The foregoing is, needless to say, a representation that doesn’t reflect any sort of reality.

But, it struck me yesterday at the supermarket, as I scanned the tabs that despite the fact the world’s economies are going to hell in a handcart, Jen and Angelina still make the preponderant copy. in those rags.

Even Canada’s self-christened ‘National Magazine’, Maclean’s – for readers outside Canada, Maclean’s is a north-of-the-border equivalent of Time and Newsweek as they were back in the days when they offered a little more reading than a Denny’s menu – has an article inset (and accompanying ‘analysis’ story inside) title Aniston’s fall from sweetheart to spinster. How that must sting. ‘Spinster!’ Spinster connotes hair-in-a-bun, sensible shoes and knees always held always tightly together except during private communion with the commode. Good thing there is about as much likelihood of Jen actually scrutinizing Maclean’s as there is of her browsing through Plato’s Republic.
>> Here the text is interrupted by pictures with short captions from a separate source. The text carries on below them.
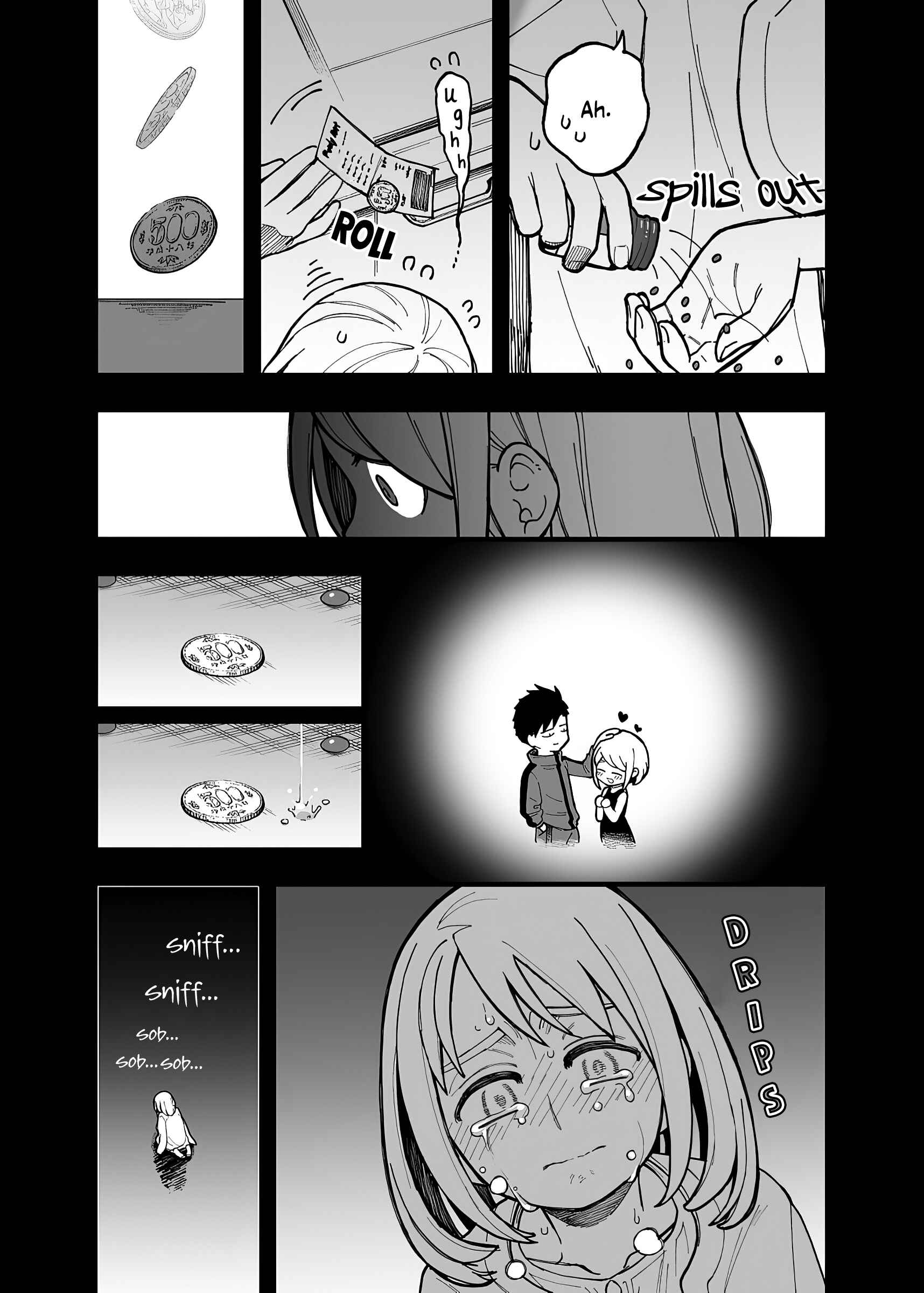 Page 6 Chapter 14 Ichaicha Suru to Okane ga Waichau 2-ri no Hanashi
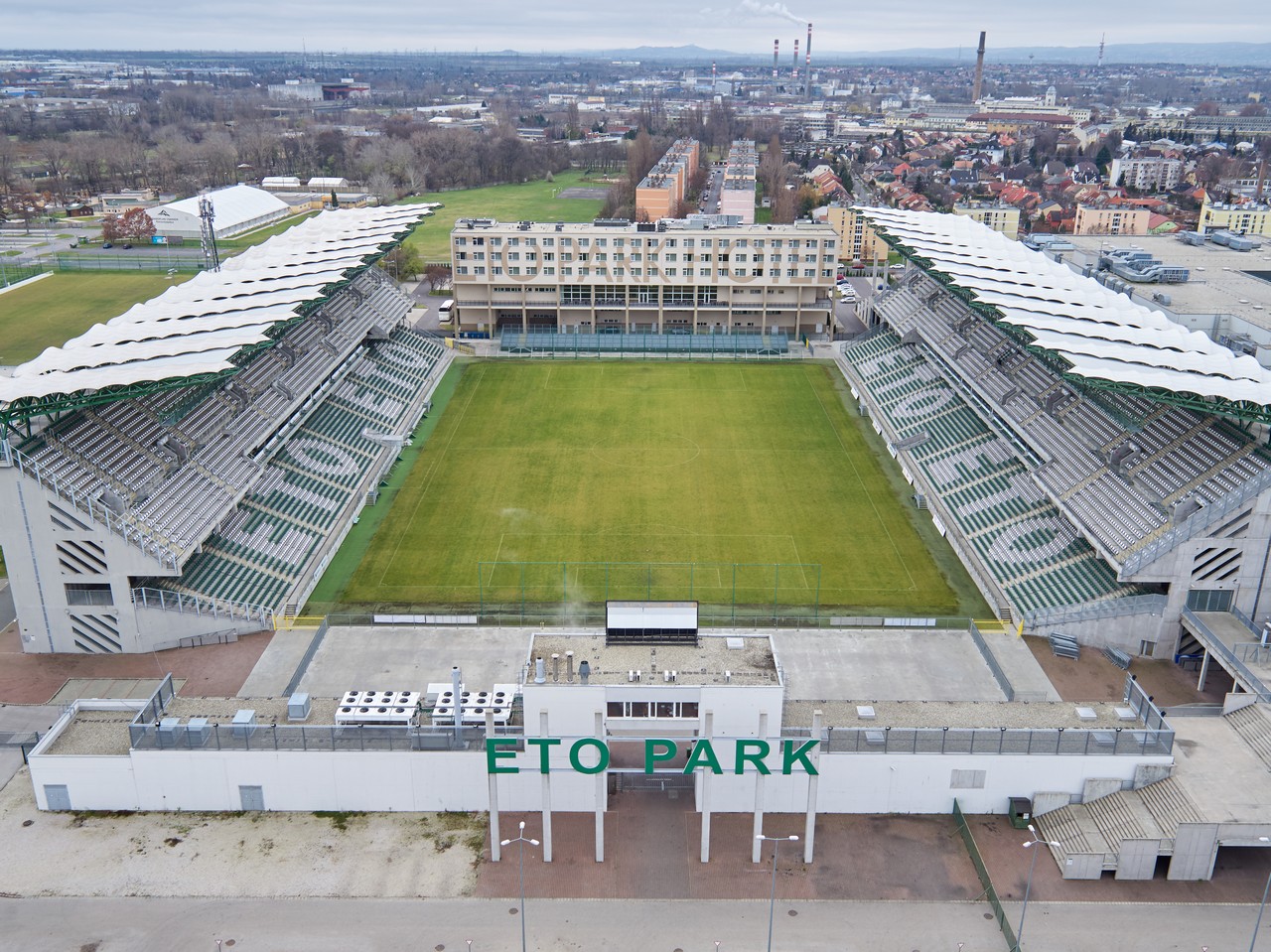 ETO Stadion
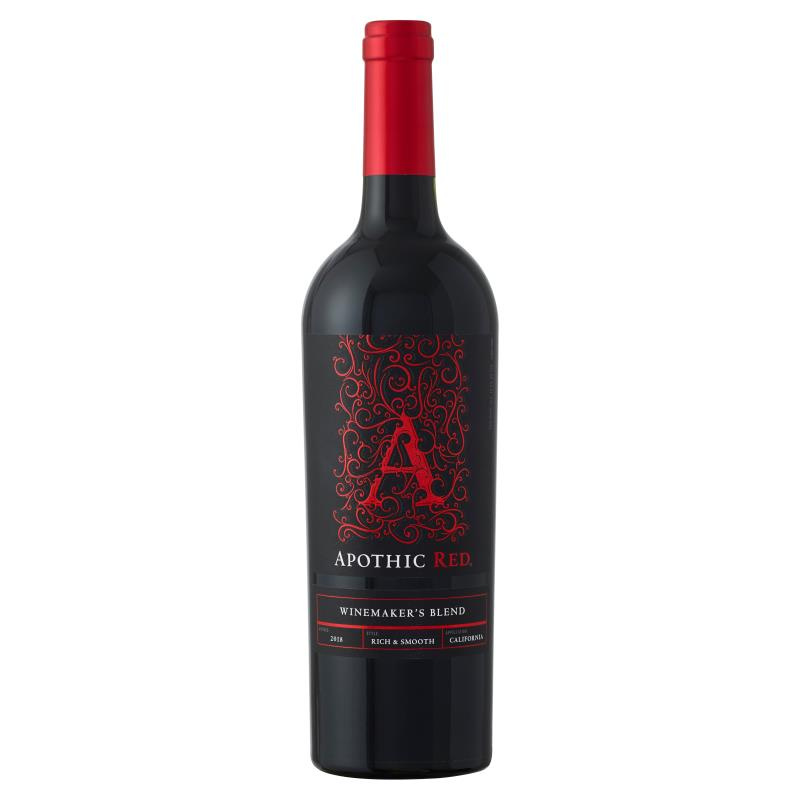 WINO APOTHIC GALLO RED 13,5 % 0,75L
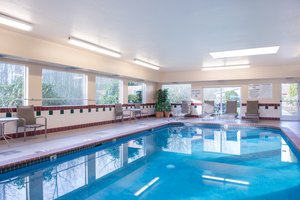 Holiday Inn Express Hotel Suites Burlington Wa See S Pool Holiday Inn Express Hotel Suites Burlington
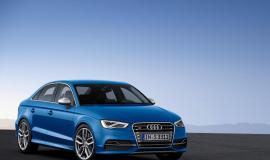 Фото Audi S3 2.0 TFSI quattro MT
It must be a galling thing for a public personage to find themselves an object either of derision or, worse yet, pity. ‘Jenny the loser’ is the underlining message. Dumped by her hunky hubby and left to while away her tabloid fodder by getting ‘involved’ with one nonentity dude after another, it must ultimately make it difficult to get up in the morning. How did it all go wrong? I mean, aside from that incursion by that bitch Angelina who, while she is out saving all the children in the world, seemed to see nothing morally offensive about trolling for other women’s husbands. Oh well, none of my business.

Jenny reminds me of those sorority chicks in my university days, much as did Meg Ryan before she astonishingly decided to trash her own lovely face in some sort of bizarre ‘enhancement’ process. You know, the sort of sweetie who would respond with a “Hi – whoever,” when a downmarket guy like me had caught her eye. She was too busy checking out which frat-rat was drving the hottest car that corporate daddy’s money could buy.

But, maybe I sell her short. Maybe she has more depth than a sheet of paper. Maybe all the silly stories about her pining away for her erstwhile Muffin Man are just that, silly stories.

Finally, though, she should probably grow up and face the grim reality that maybe “he just wasn’t all that into you.” We’ve all had to do that at one time or another, hon’, so this time it’s your turn. And, you can take a little solace in the fact that your straying former spouse actually has to live with and be ‘nanny’ for a woman who once carried Billy Bob Thornton’s blood in a vial around her neck.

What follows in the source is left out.